> _DESCRIPTION OF THE TASK_
Skip the pictures. Quote every line below, exactly, from the one with "إيفاناز مجموعة إيفانا" through the final line.

>>>

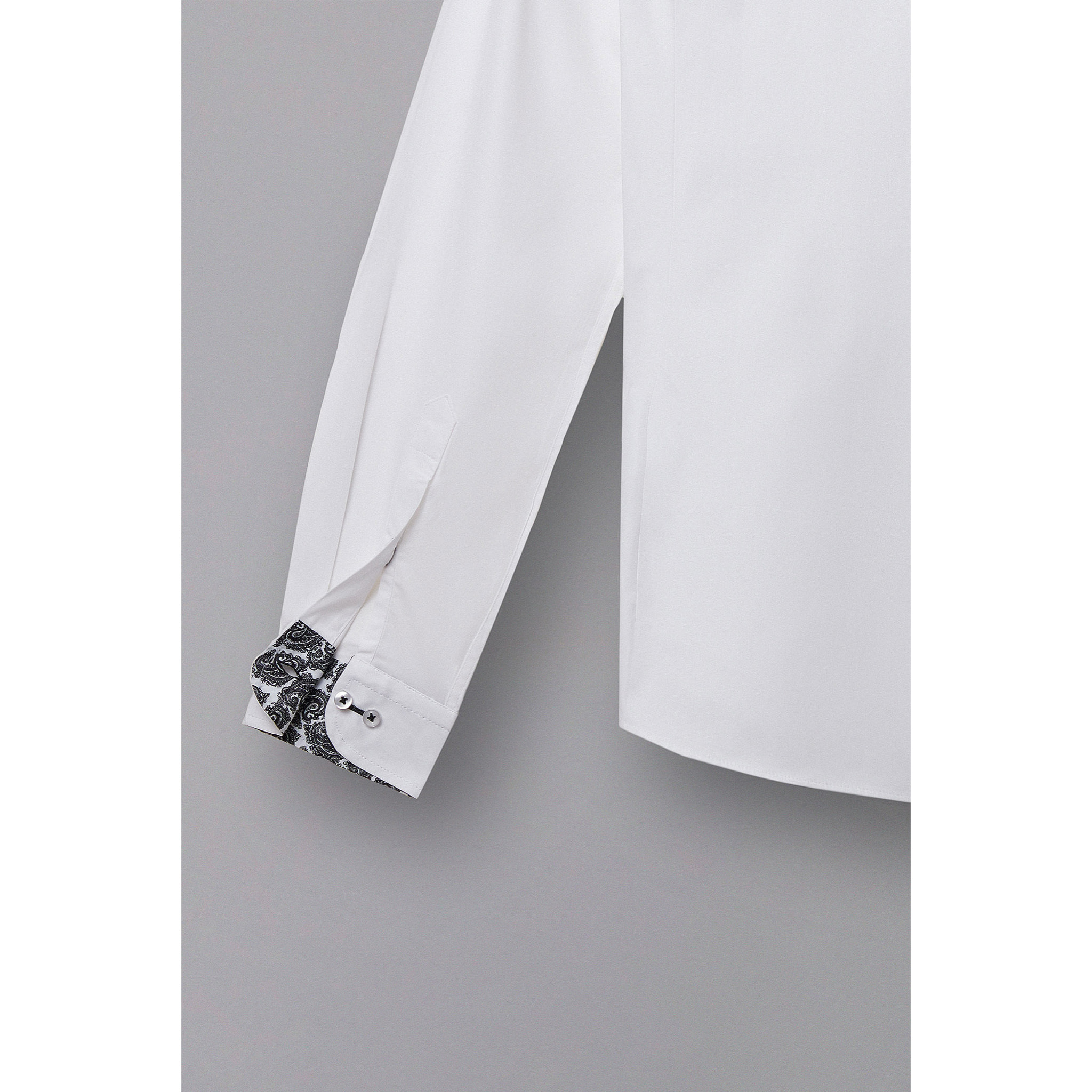 Camicia Uomo Coreano Slim Popeline Stretch Unito Bianco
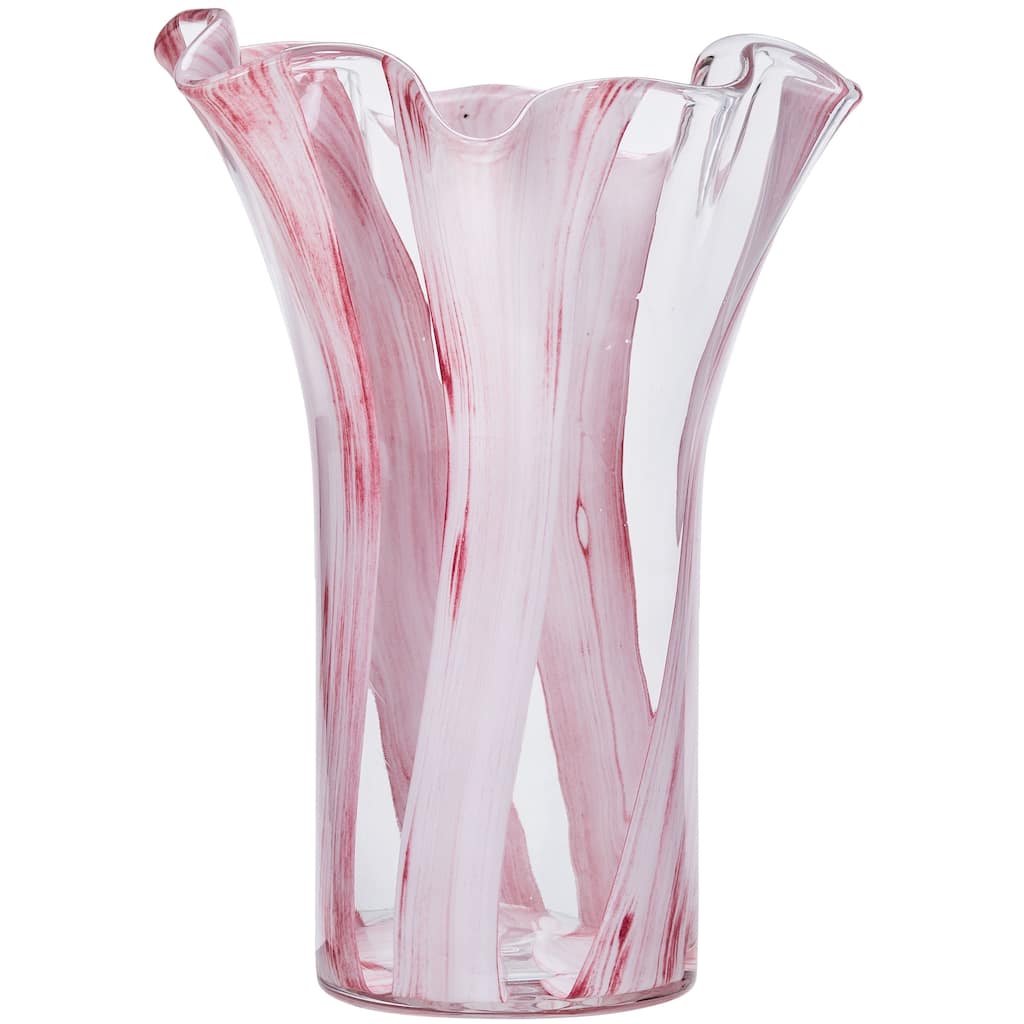Set of Two Pink Striped Handblown Glass Vases with Scalloped Edges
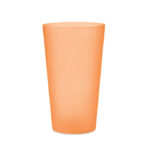 Wiederverwendbarer Becher Orange als Werbeartikel mit Logodruck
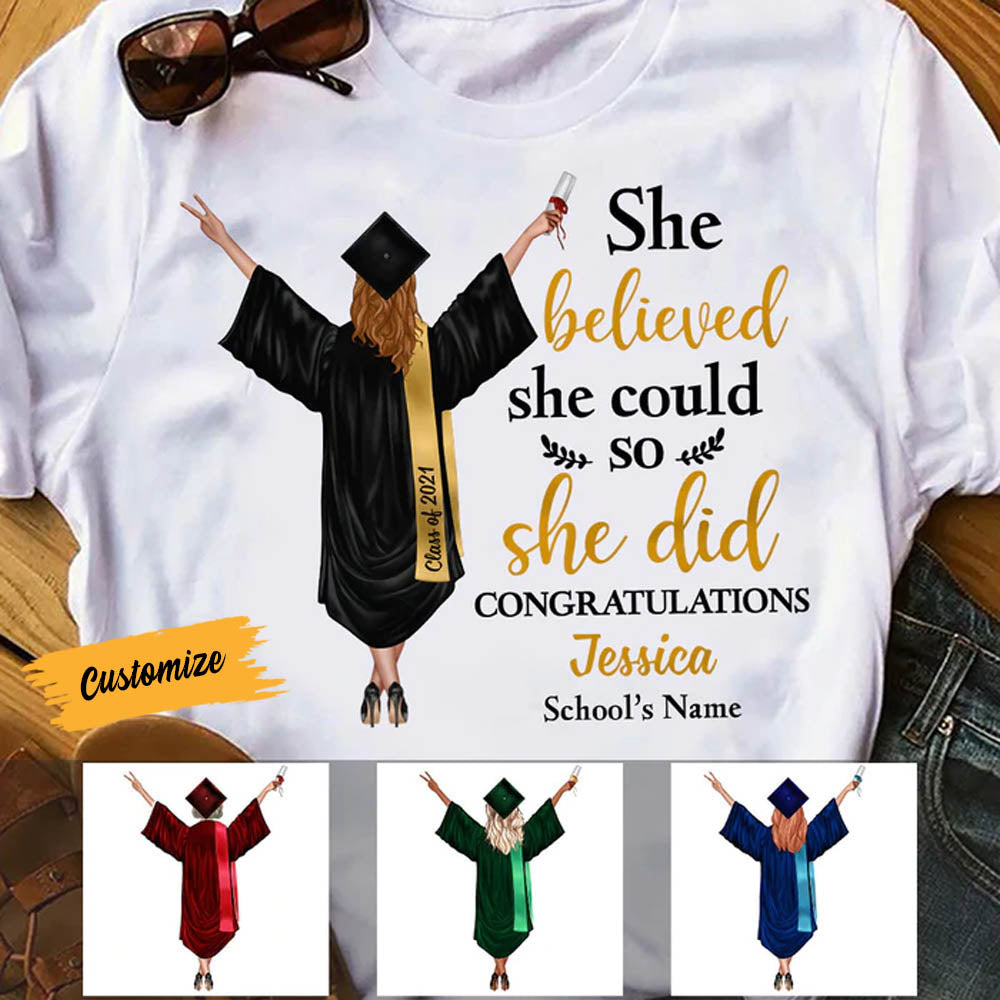 Personalized Graduation Girl She Did It T Shirt MR101 67O58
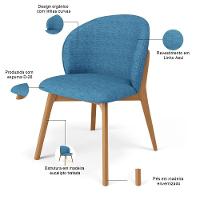 Kit 04 Cadeiras De Jantar E Estar Living Estofada Mia L02 Linho Azul - Lyam Decor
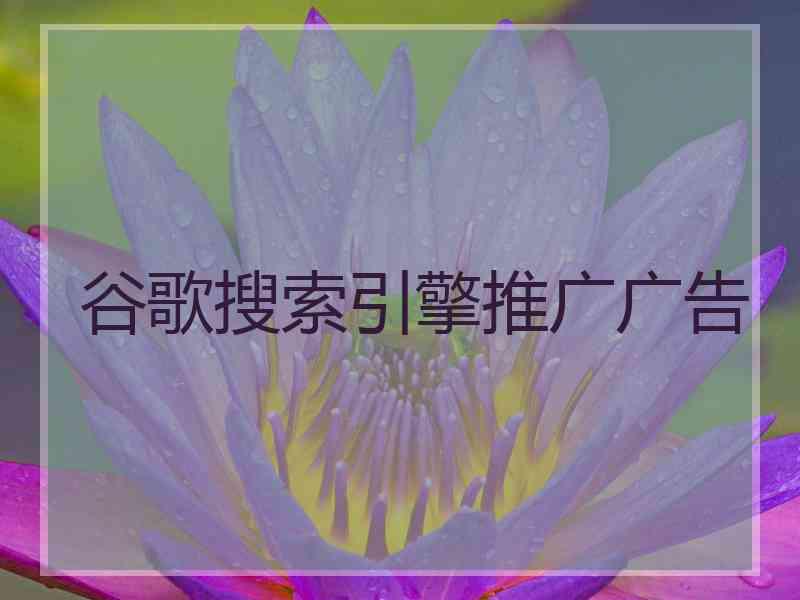 谷歌搜索引擎推广广告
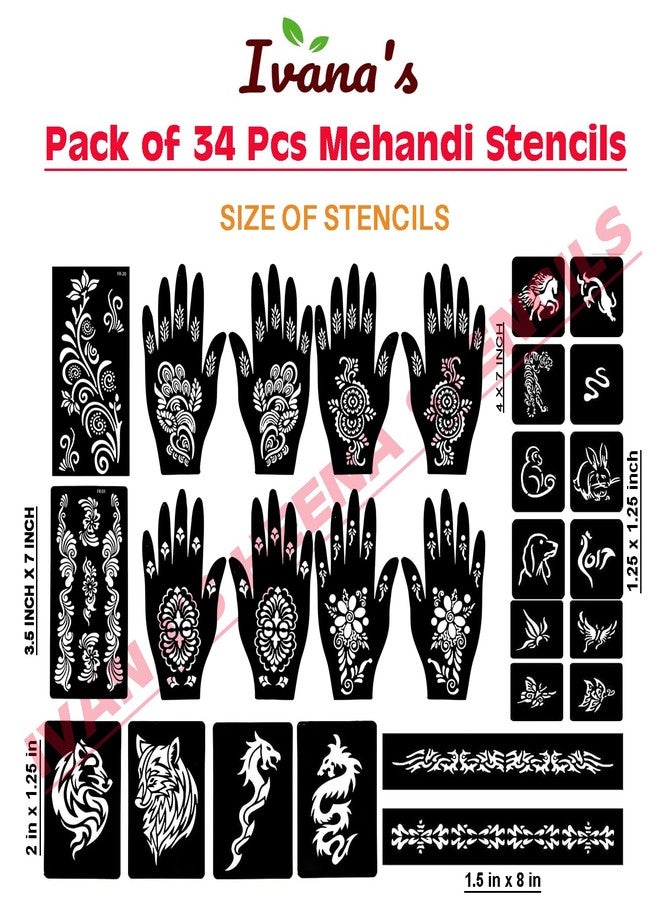 إيفاناز مجموعة إيفانا المكونة من 34 قطعة من قوالب الحناء القابلة لإعادة الاستخدام لليدين والمعصم والجسم والظهر والرقبة والوجه، عبوة كومبو من القوالب للنساء والفتيات والأطفال، سهلة الاستخدام في 4 خطوات فقط، مجموعة تصميم هندي، A2291 - Image 4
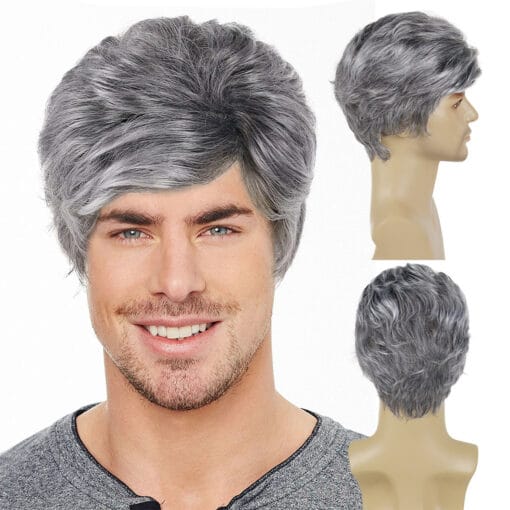 Gnimegil Synthetic Wigs For Women Men Short Haircuts Grey Wig With Bangs Natural Hairstyle Soft Gray Wigs For Women Grandpa Older Granny Wig MI1611851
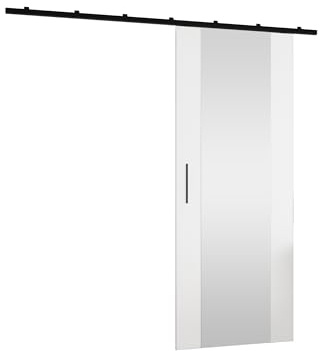 Mirjan24 Schiebetürsystem Zoliro II mit Selbstschließer Zimmertür Frontspiegel Griffe Komplett-Set für Schiebetüren, Tür Innentüren Trennwände (Weiß, Modell: 90)
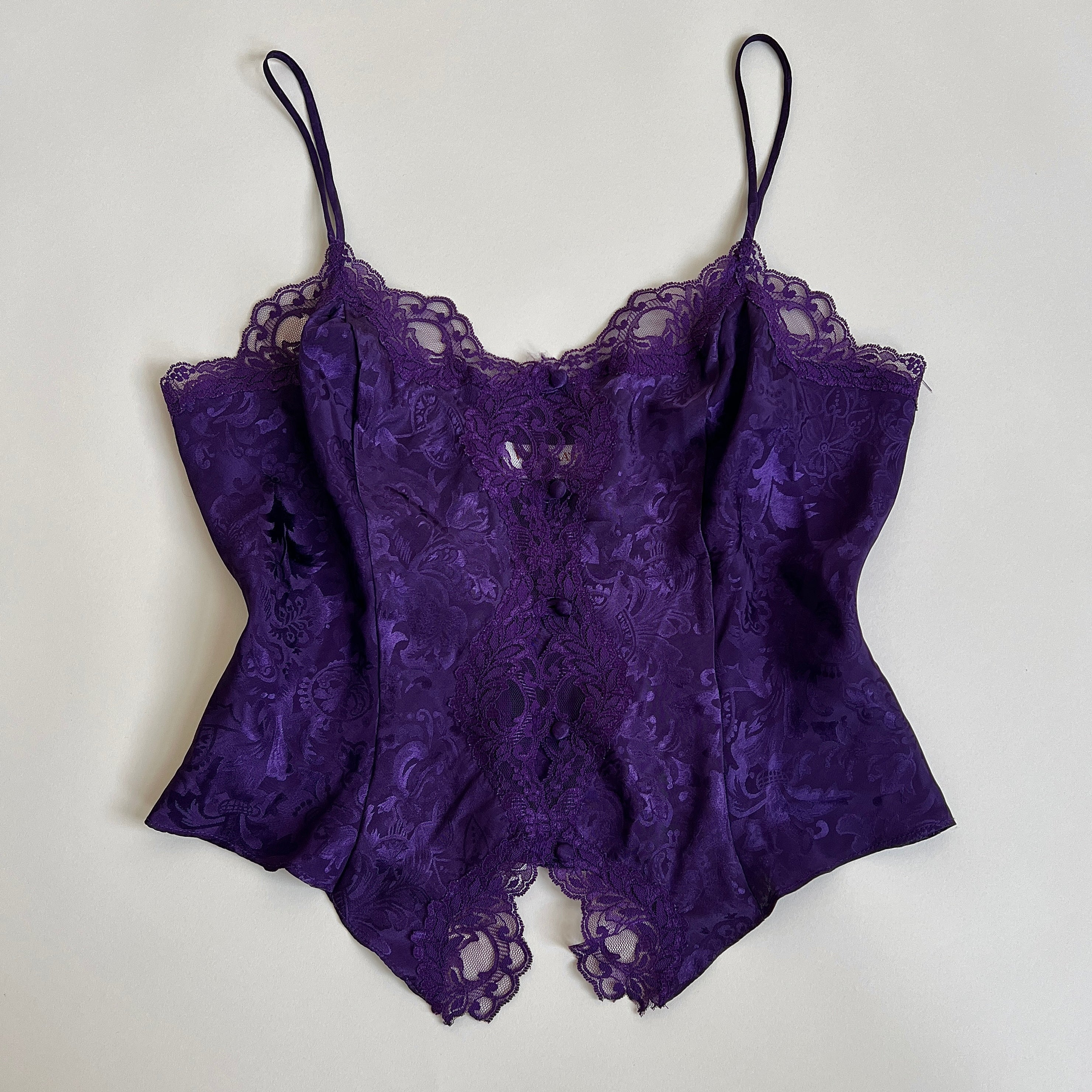 Vintage gold label VS eggplant satin cami (L/XL)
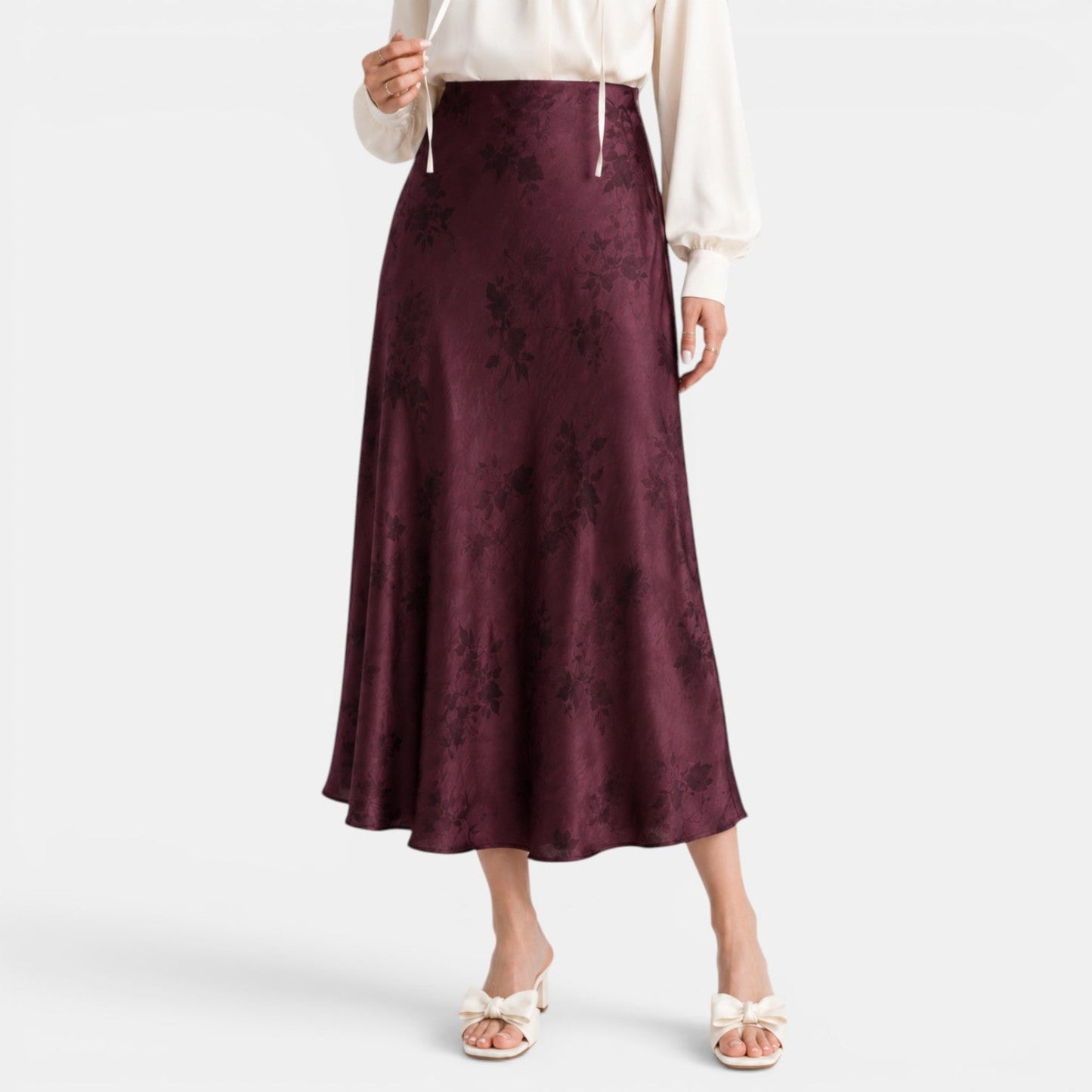 Falda Maxi Satinada Rosas Mujer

<<<

> _RESPONSE_
 إيفاناز مجموعة إيفانا المكونة من 34 قطعة من قوالب الحناء القابلة لإعادة الاستخدام لليدين والمعصم والجسم والظهر والرقبة والوجه، عبوة كومبو من القوالب للنساء والفتيات والأطفال، سهلة الاستخدام في 4 خطوات فقط، مجموعة تصميم هندي، A2291 - Image 4
 Gnimegil Synthetic Wigs For Women Men Short Haircuts Grey Wig With Bangs Natural Hairstyle Soft Gray Wigs For Women Grandpa Older Granny Wig MI1611851
 Mirjan24 Schiebetürsystem Zoliro II mit Selbstschließer Zimmertür Frontspiegel Griffe Komplett-Set für Schiebetüren, Tür Innentüren Trennwände (Weiß, Modell: 90)
 Vintage gold label VS eggplant satin cami (L/XL)
 Falda Maxi Satinada Rosas Mujer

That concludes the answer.